- _Work instruction_
Your job is to give again, exactly and with no additions, the lines in the records below from the one with "Éclairages encastrés LED" through the one with "Pastel Watercolor Doughnut", both included. Omit the pictures.

- _Entries shown_
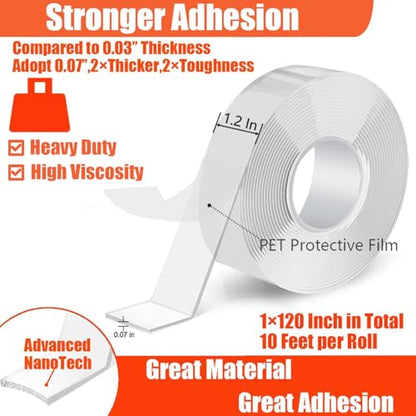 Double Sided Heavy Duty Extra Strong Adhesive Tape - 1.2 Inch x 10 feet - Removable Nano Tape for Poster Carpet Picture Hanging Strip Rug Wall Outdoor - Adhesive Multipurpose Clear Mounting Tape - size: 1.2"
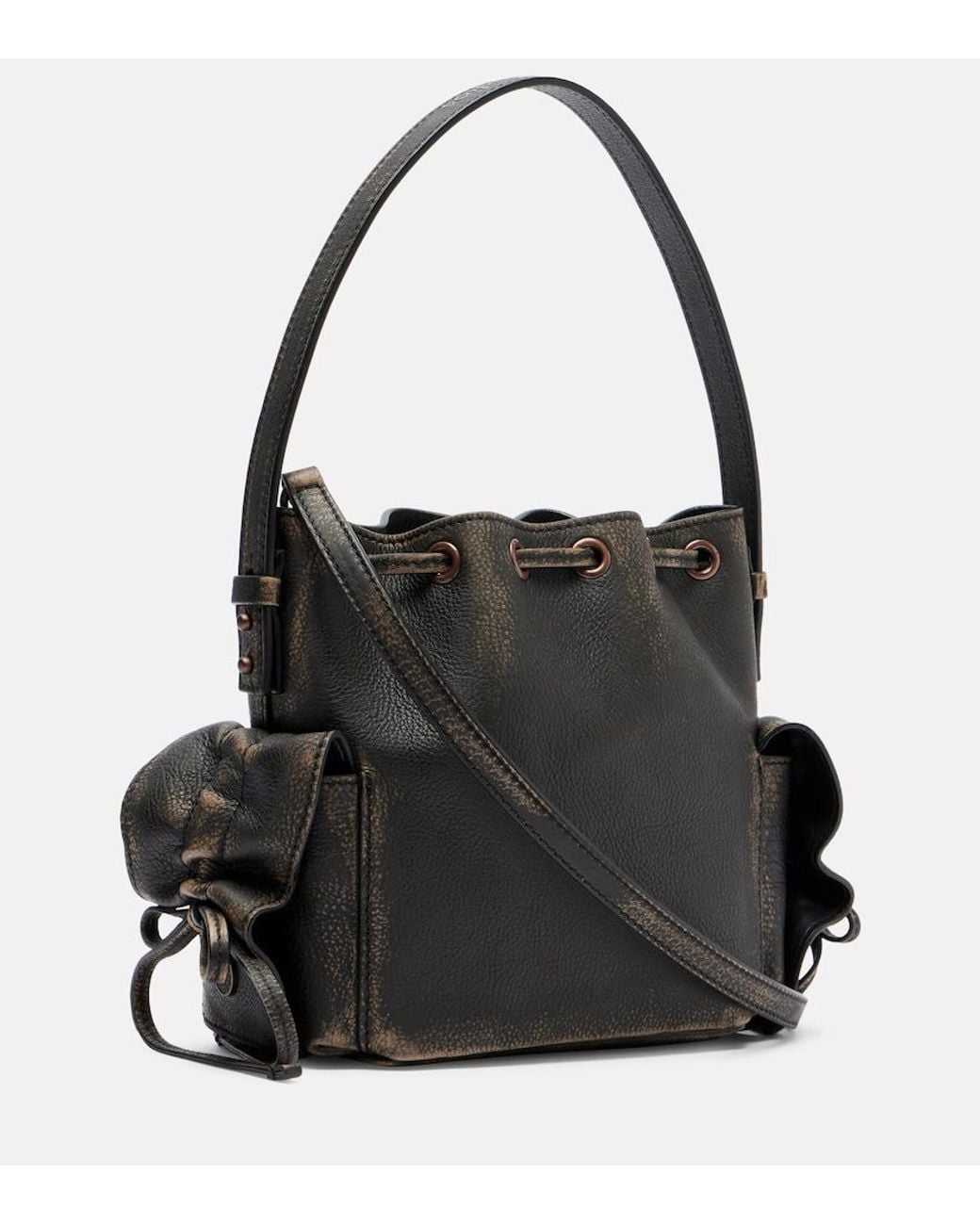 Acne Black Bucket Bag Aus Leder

...

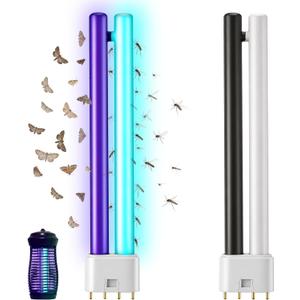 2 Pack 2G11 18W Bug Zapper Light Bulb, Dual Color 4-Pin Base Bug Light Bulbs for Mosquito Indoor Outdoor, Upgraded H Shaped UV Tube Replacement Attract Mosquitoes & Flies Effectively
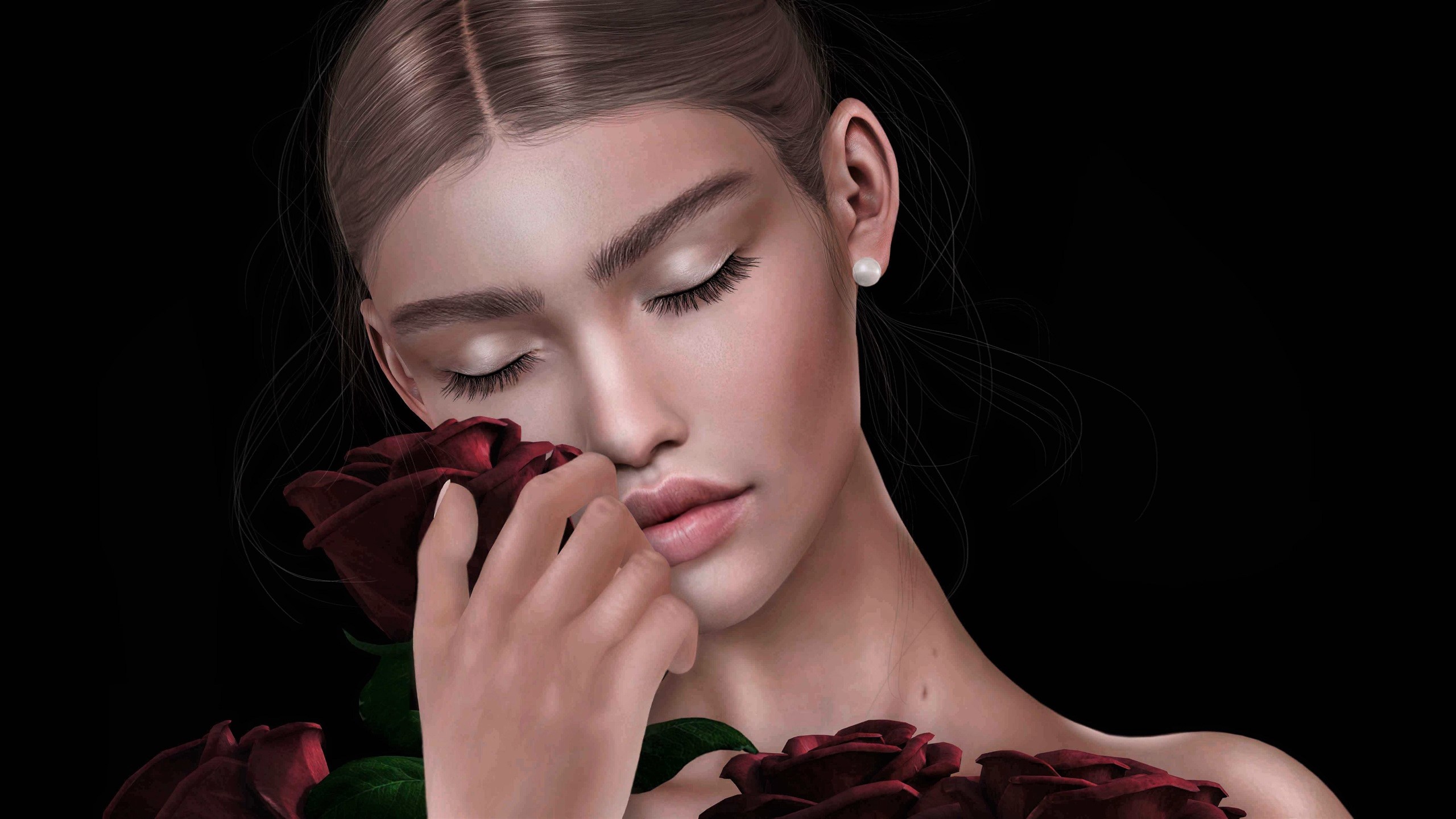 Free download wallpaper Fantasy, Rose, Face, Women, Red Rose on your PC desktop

...

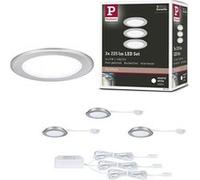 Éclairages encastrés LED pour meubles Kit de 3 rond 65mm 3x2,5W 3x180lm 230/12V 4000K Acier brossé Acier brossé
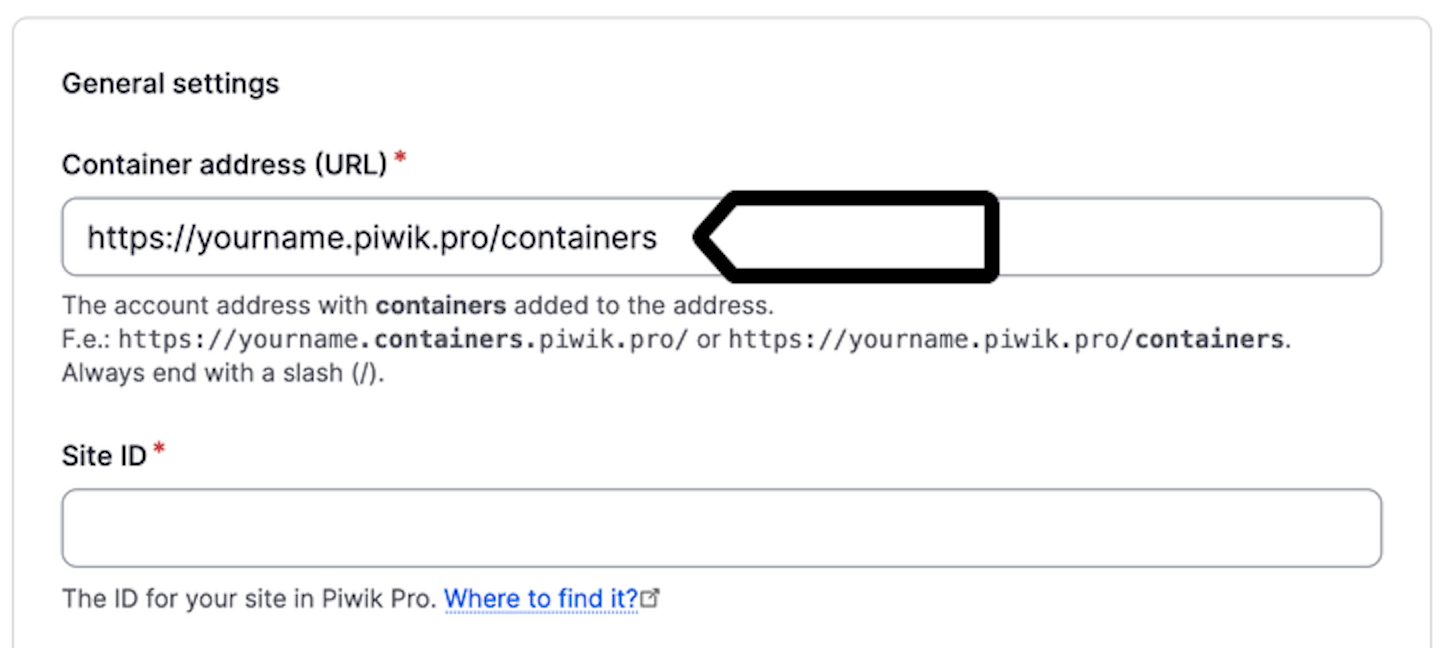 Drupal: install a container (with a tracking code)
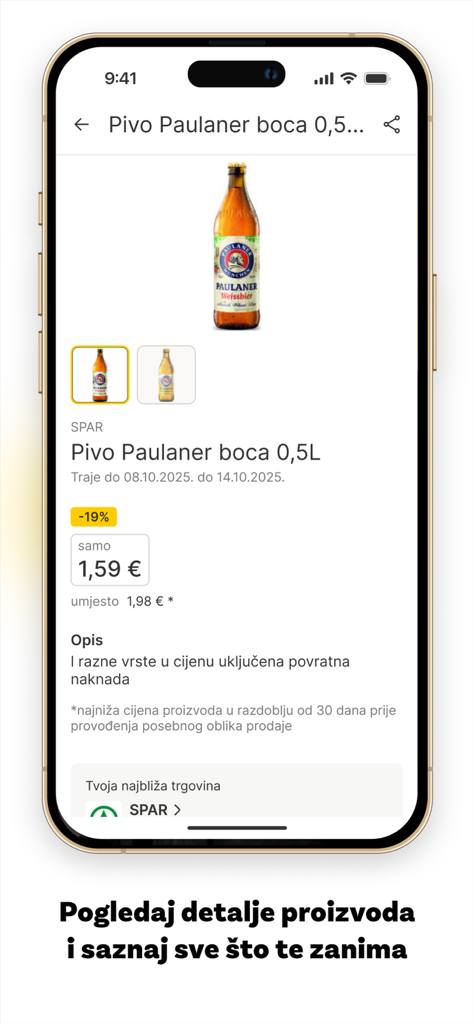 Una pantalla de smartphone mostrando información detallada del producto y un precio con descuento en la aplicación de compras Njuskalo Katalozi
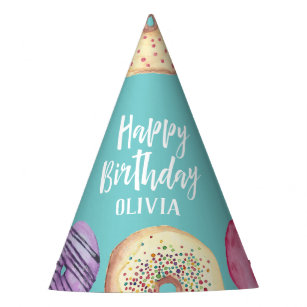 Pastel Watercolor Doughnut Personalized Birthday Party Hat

- _Your response_
 Éclairages encastrés LED pour meubles Kit de 3 rond 65mm 3x2,5W 3x180lm 230/12V 4000K Acier brossé Acier brossé
 Drupal: install a container (with a tracking code)
 Una pantalla de smartphone mostrando información detallada del producto y un precio con descuento en la aplicación de compras Njuskalo Katalozi
 Pastel Watercolor Doughnut Personalized Birthday Party Hat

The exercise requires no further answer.